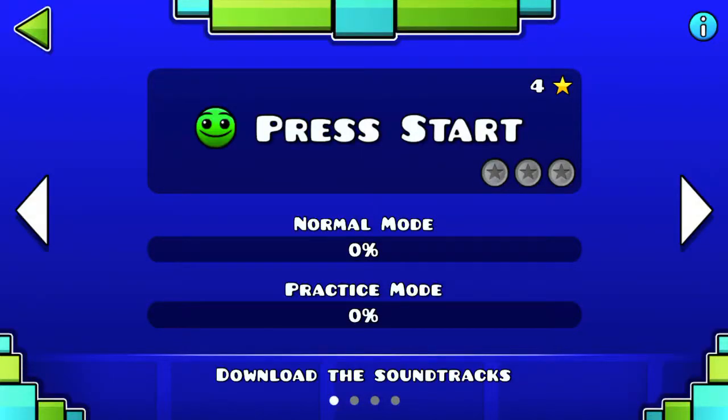Hey, it's me, Photodino21, back with another video. Today we're going to try out Geometry Dash SubZero. I'm going to start with the first level.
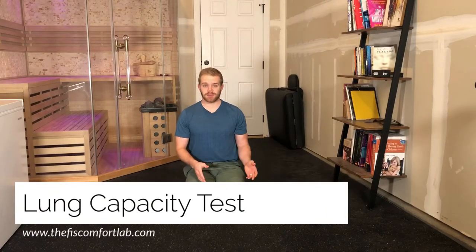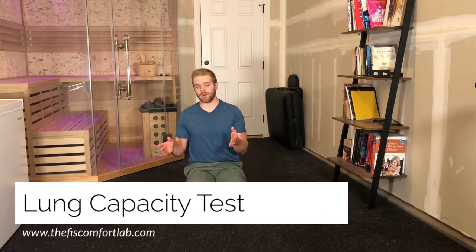Testing lung capacity can be expensive. Often times you either have to go into the doctor or you have to have a spirometer that is pretty pricey. There's a quick and easy way that you can track your own progress though, to measure how much you're gaining on your lung capacity.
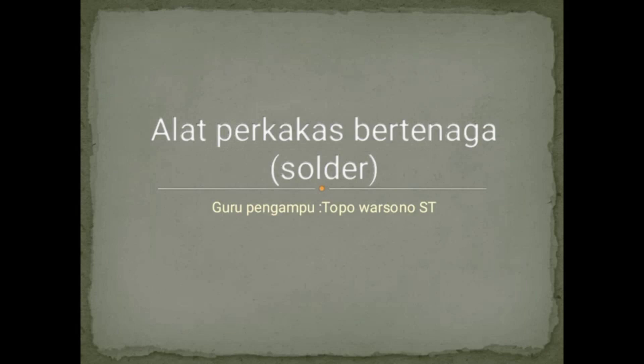Selamat pagi, selamat berjumpa lagi dengan saya, guru pengampu PDTM Pewarson ST yang nantinya akan mengajar di kelas 10.1, 10.2, 10.3, 10.4, dan 10.5. Silakan, dalam kesempatan di pagi hari ini kita akan mempelajari berkaitan dengan menyolder. Kemarin kita sudah mempelajari berkaitan masalah pengelasan dan sebagainya. Untuk itu, silakan diperhatikan dan dipahami materi yang akan saya sampaikan.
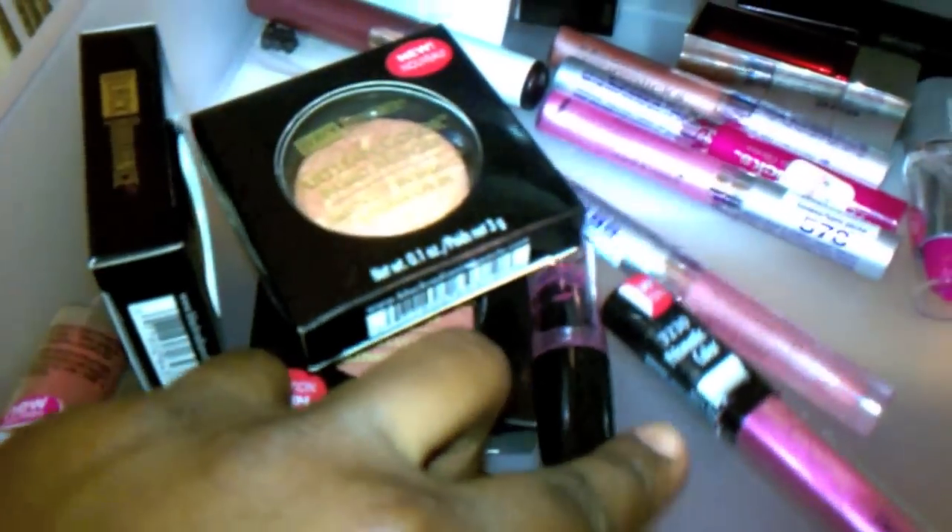That light is too bright — hold on. You can see the color. One swipe. Do you see how pigmented it is?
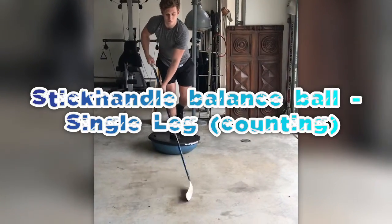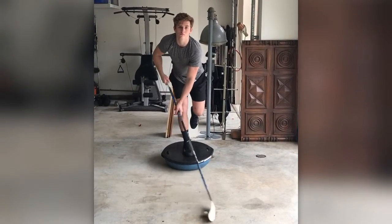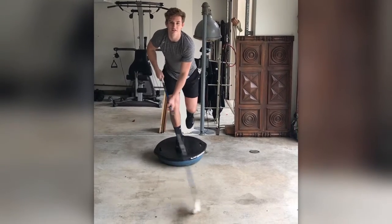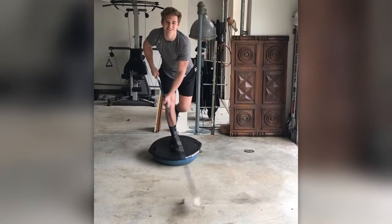You can do single leg head up, not watching the puck, eyes looking forward. What number? 1, 2, 4, 1, 2, 3, 1, 4, 5.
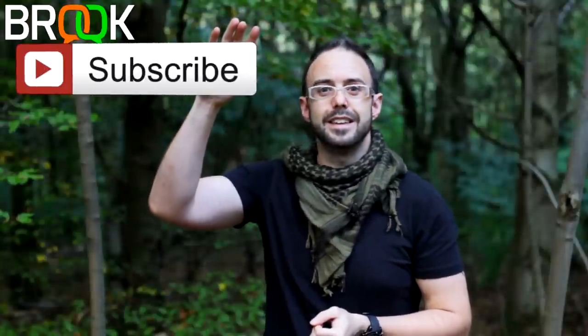Thank you so much for watching the video. Please do leave a comment down in the comment section, remember to like the video as it really helps with the ranking, and don't forget to subscribe — hit that subscribe button up there. Until the next video, take care!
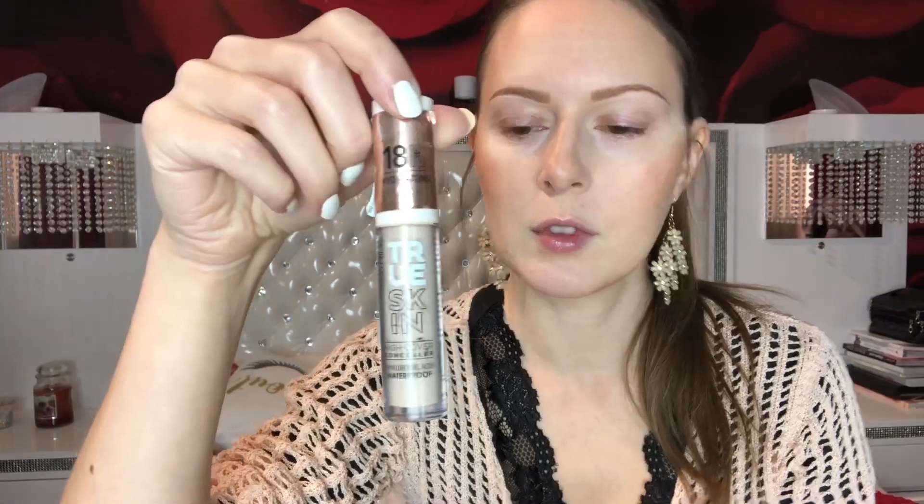Hi guys, welcome back! As I promised, today I'm doing this bronzy smoky eye. I'm using the Huda Beauty Empowered Palette mixed with the Anastasia Soft Glam. If you want to see how I created this eye look, keep watching, hit the thumbs up, and subscribe if you haven't already.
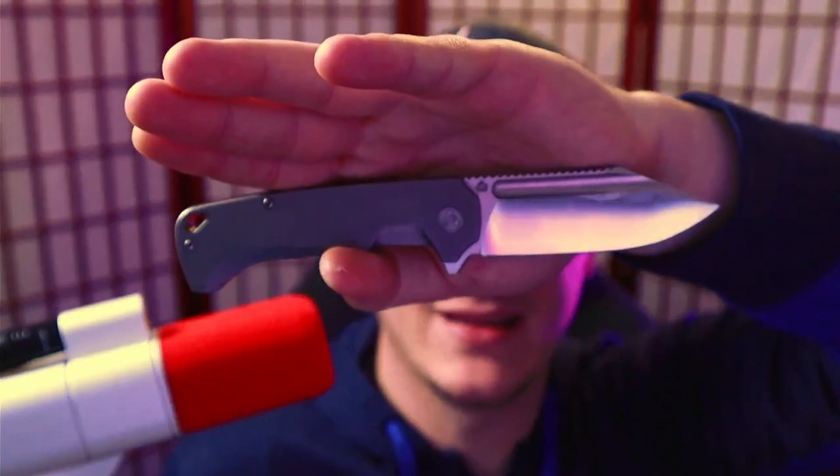Assume for a moment that you could only have one knife for the rest of your life — what would it be? How's it going everybody? I'm Roll Shambo, the connoisseur and collector of all things sharp and shiny. Hop on down to the comment section and let me know what that knife would be.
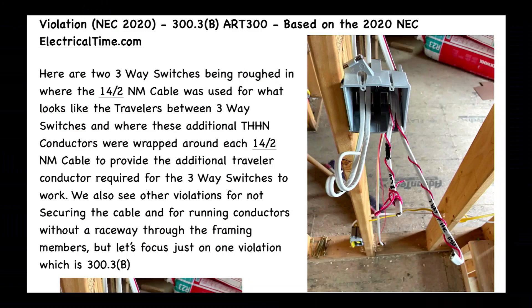Okay, here we go. This is a picture of a violation. Here are two three-way switches being roughed in where the 14-2 NM cable was used for what looks like the travelers between three-way switches,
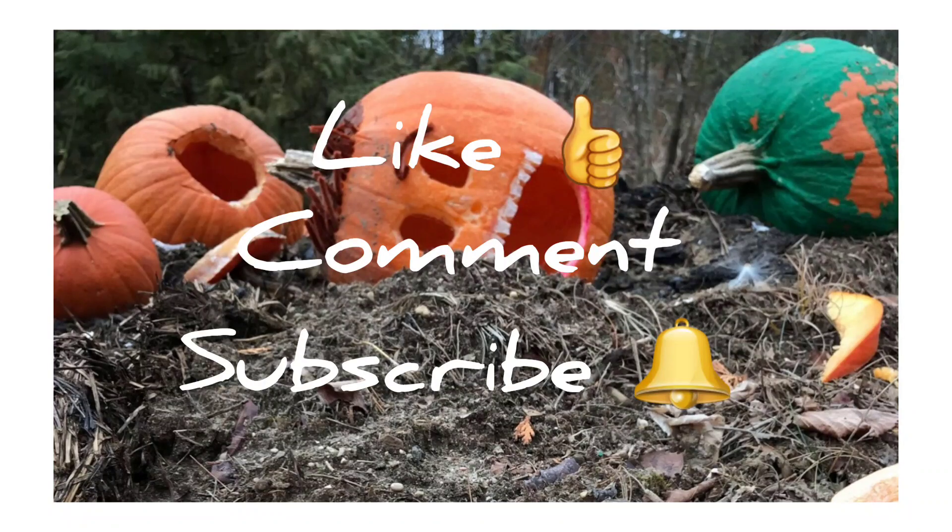If you like anything in this video, give me a big old thumbs up — even if it's just one thing, that really helps my channel. Leave me a comment and subscribe, hit the bell to be part of this family so you get notifications when videos go up. Let's jump into the last DIY, which I consider the easiest one — I always save the easiest for last.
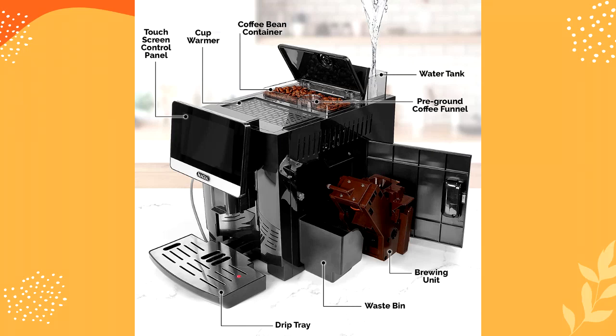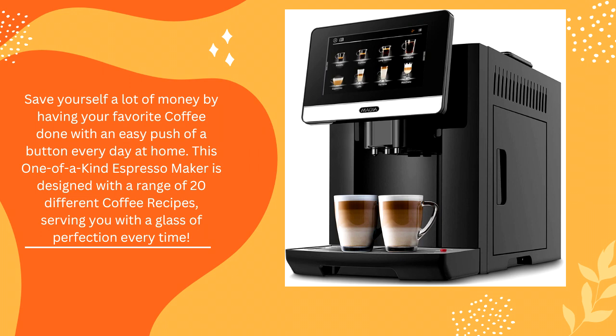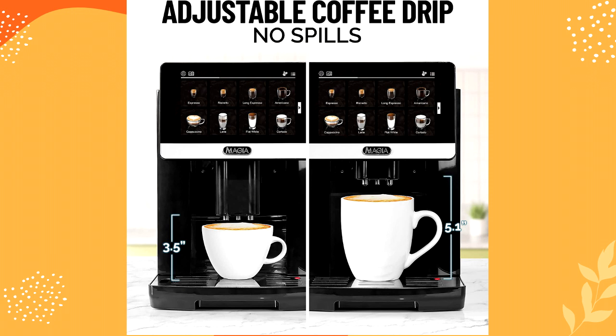Save yourself a lot of money by having your favorite coffee done with an easy push of a button every day at home. This one-of-a-kind espresso maker is designed with a range of 20 different coffee recipes, serving you with a glass of perfection every time.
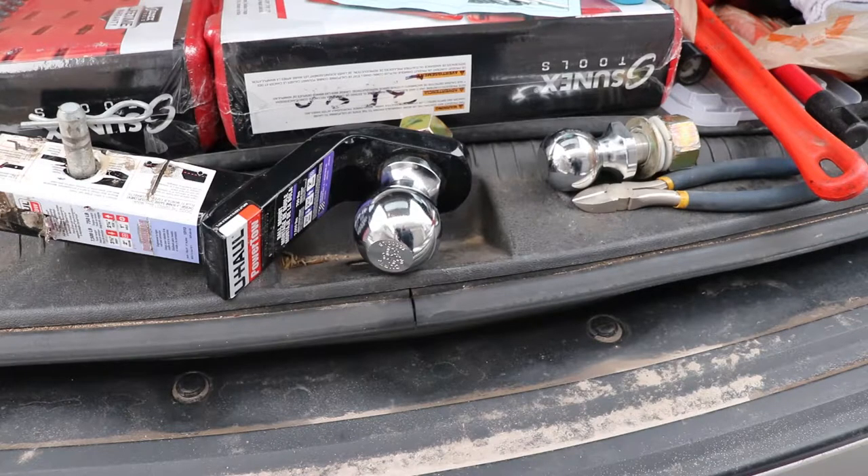U-Haul trailers depending on the load can be up to 7,000 pounds, which is pretty common. Most 1-7/8 balls are rated for 2,000 pounds but their trailers will hook up to it, so they have to come and check your ball and make sure it's the right weight capacity. Two-inch balls normally top out around 5,000 pounds. If you go buy a ball from any random store it may not work with a U-Haul trailer, and it's usually cheapest to buy from U-Haul anyway.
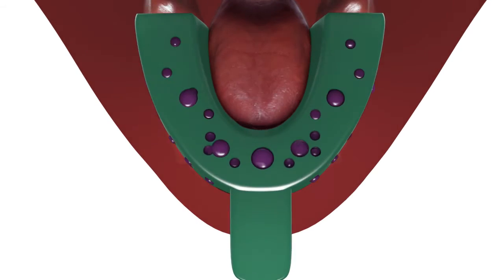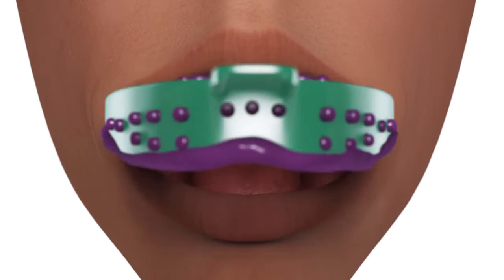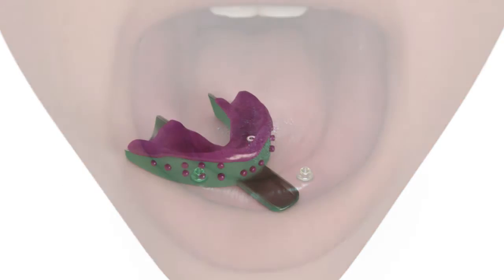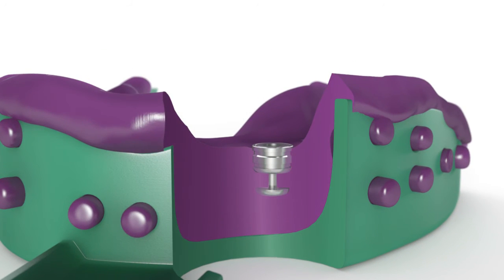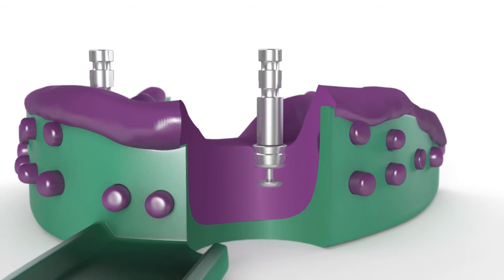Step 3: Once the impression material has set, remove the tray and the coping will be picked up in the impression. Step 4: Attach the OD Secure analog to the coping in the impression.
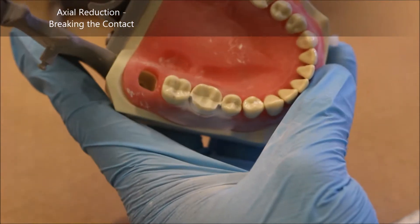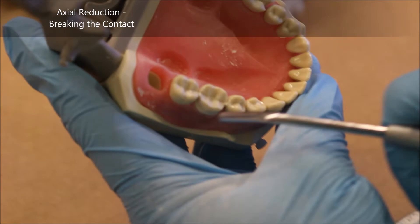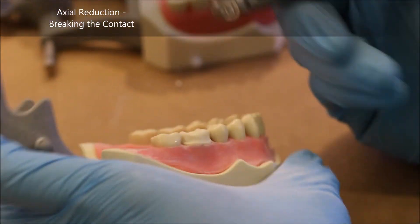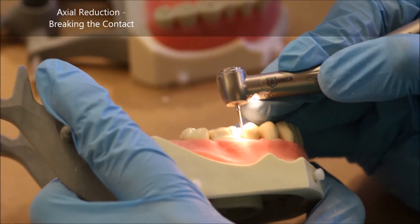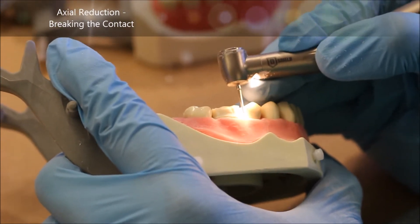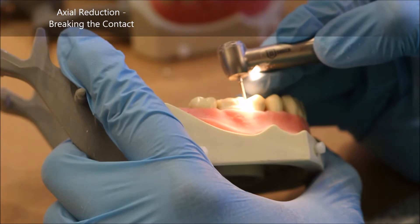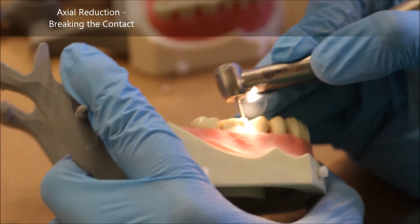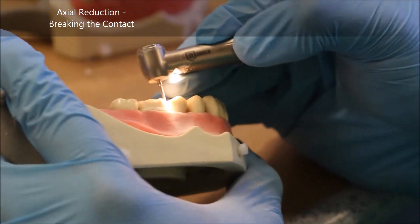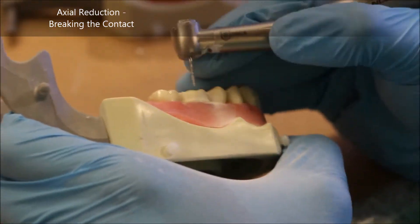As you can see, I've reached the interproximal contact and now I have to be extremely careful so as to not nick any adjacent teeth. It also helps if you have a very steady hand, but if you do not, you can increase the speed of your burr's rotation — i.e., step down on the rheostat — in order to have it cut in a smoother fashion.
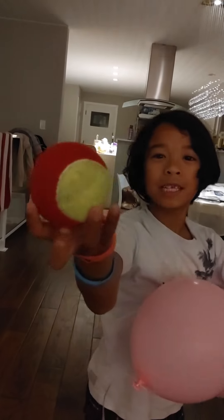Hi everybody! Today I'll show you some juggling practice! So first we're going to start with practice of balloons, and then later we're going to do a real one with tennis balls.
+ + +
◆ **What is needed**: Output exactly the lines above that lie between the line with "Selamat pagi, selamat" and the line with "You can do single", those two lines included, and no pictures.

◆ **Reply to the exercise**:
Selamat pagi, selamat berjumpa lagi dengan saya, guru pengampu PDTM Pewarson ST yang nantinya akan mengajar di kelas 10.1, 10.2, 10.3, 10.4, dan 10.5. Silakan, dalam kesempatan di pagi hari ini kita akan mempelajari berkaitan dengan menyolder. Kemarin kita sudah mempelajari berkaitan masalah pengelasan dan sebagainya. Untuk itu, silakan diperhatikan dan dipahami materi yang akan saya sampaikan.
That light is too bright — hold on. You can see the color. One swipe. Do you see how pigmented it is?
You can do single leg head up, not watching the puck, eyes looking forward. What number? 1, 2, 4, 1, 2, 3, 1, 4, 5.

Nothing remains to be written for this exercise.